For my MotoX ($500), I just need to get the screen replaced. For my wife’s iPad ($350-$400), she just needs the glass replaced.
For my Asus TF700 (Transformer Infinity), it needs a board replaced ($500); the board costs $170; they’ll actually repair it.
Those are less expensive than the GPS in my example above. It needed a rubberized button replaced. Sent it in for “repair” and received a new unit. I think companies keep a shelf of replacement products because it’s easier, faster, and probably cheaper than actually doing repairs to small consumer-grade electronics.
Modern electronics are glued and soldered. They aren’t designed to be repaired.
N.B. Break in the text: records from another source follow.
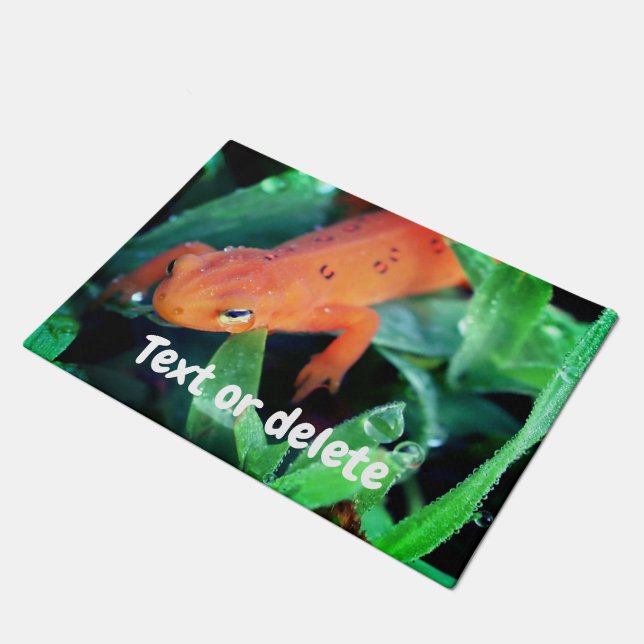 Red Eft Salamander Raindrop on Eye Personated Deurmat (Schuin)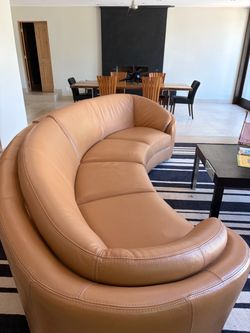 Curved Leather Sectional Sofa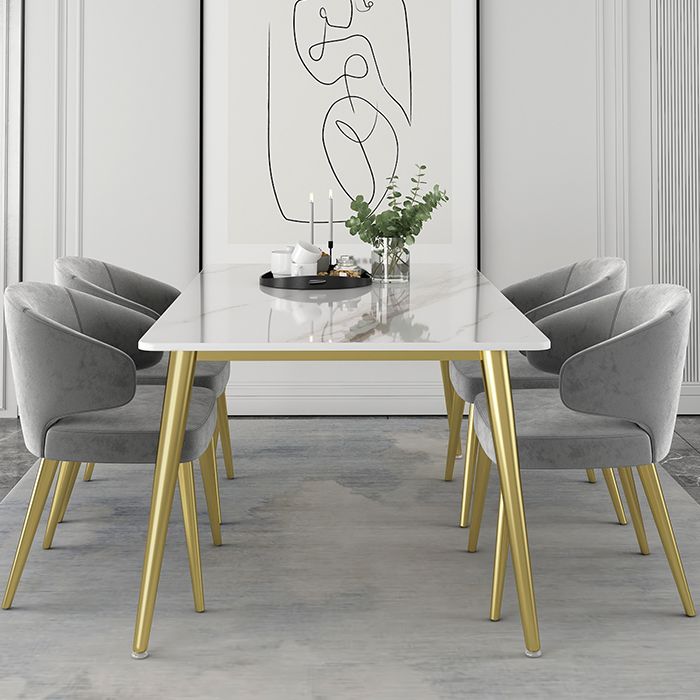 Glam White Sintered Stone Dining Table Set 1/4/5/7 Pieces Dining Set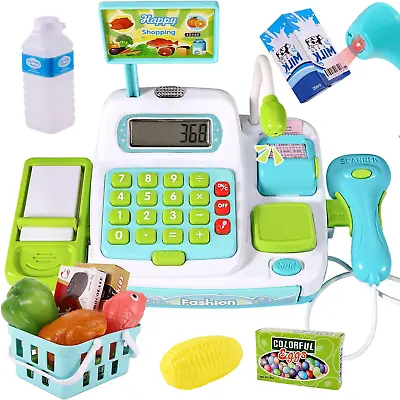 BUYGER Kids Toy Till Cash Register With Scanner Real Calculator With Light And • £23.93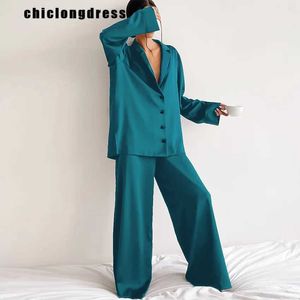 Calças de duas peças femininas Primavera verão Casual Casual Casa de duas peças Defesa fashionha camisa sólida calça de perna larga cetim duas peças conjunto Y240426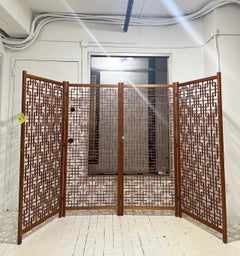 Stunning Large Scale Midcentury Teak Folding Room Divider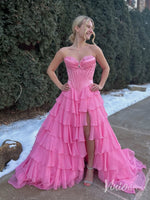 Strapless Chiffon Ruffled Prom Dress with Corset Bodice and Slit
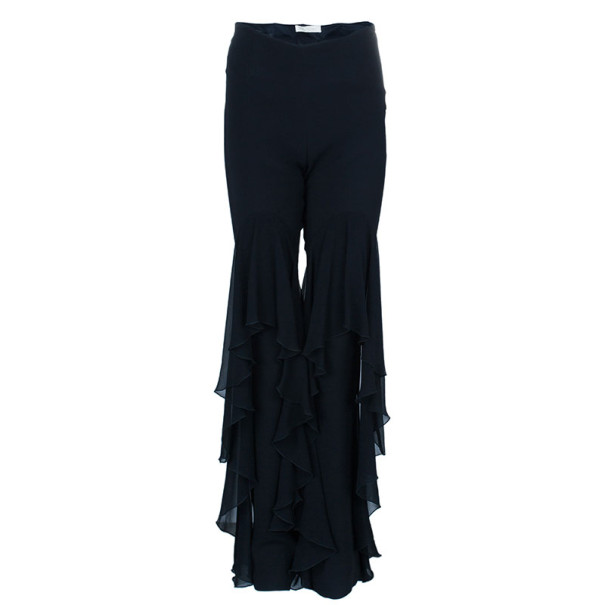 Pre Owned بنطال فالينتينو أسود بكشكشة طويل M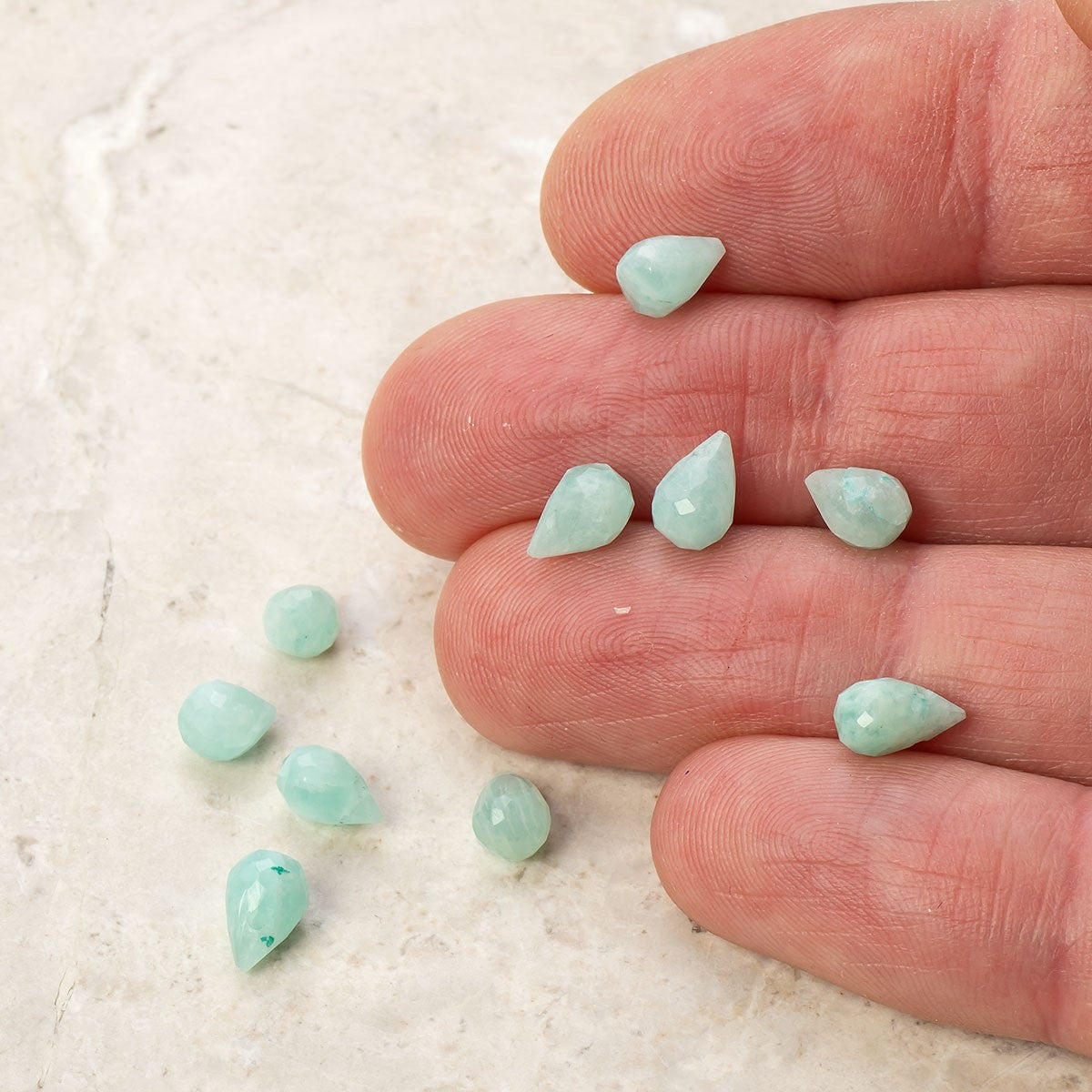 Amazonite Faceted Teardrop Briolette Beads Approx 7x5mm pk10 Beads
And that’s an industry problem that should be resolved. There is no reason it should not be repairable.
TFTFY.
Tablets had the potential to be more than large phones, but then the ball was dropped.
This in particular on the Android side where Fragments UI never really got any traction (in part thanks to one too many iOS dev thinking Android also needed “HD” tablet specific apps), and then Google abandonded the tablet UI completely with 4.3 (after having semi-abandoned it on smaller tablets with 4.2).
Best i can tell they didn’t want Android tabelts to overlap with ChromeOS, and thus trying to make Android tablet to be something productive was made a non-topic.
Here is the thing, when Android 3.0 was released, tablets with full size A USB ports quickly showed up. Thus allowing USB drives, keyboards and mice to be plugged in (never mind gamepads). But then came 3.1 onwards and Google made a mess of things by screwing up storage permissions. Thus anything that was not primary “external” storage (aka anything internal but outside of /data) was made read only. Over night the use of SD cards and USB drives was made a no-go.
Best i can tell there was two reasons for this. Google trying to push their Drive service and “cloud storage” in general, and MAFIAA leaning on them for stronger DRM before music and video was added to the Android Market (later renamed Google Play).
The only reason to buy a new tablet is if the old one is broken. I had a 10¨ one bricked it. Got a nexus 7 nice price, decent (if small) screen and android updates.
But I wanted something larger. After walking around the department store found that I really liked the surface pro 3, good hires screen, 2:3 form, but didn’t like the price and Windows 10.
So I settled on a 13 inch Toshiba Cromebook, 13″ 1920×1080 IPS screen, decent keyboard, nice trackpad. lightweight, battery life is good. Browses quick enough and only 324 euro (incl. tax/shipping)
…as a screen size similarity issue, so much as it is a problem with OEMs treating tablets like 2nd or 3rd class devices. they and never got, and mostly still don’t get, the attention to quality that laptops or phones get.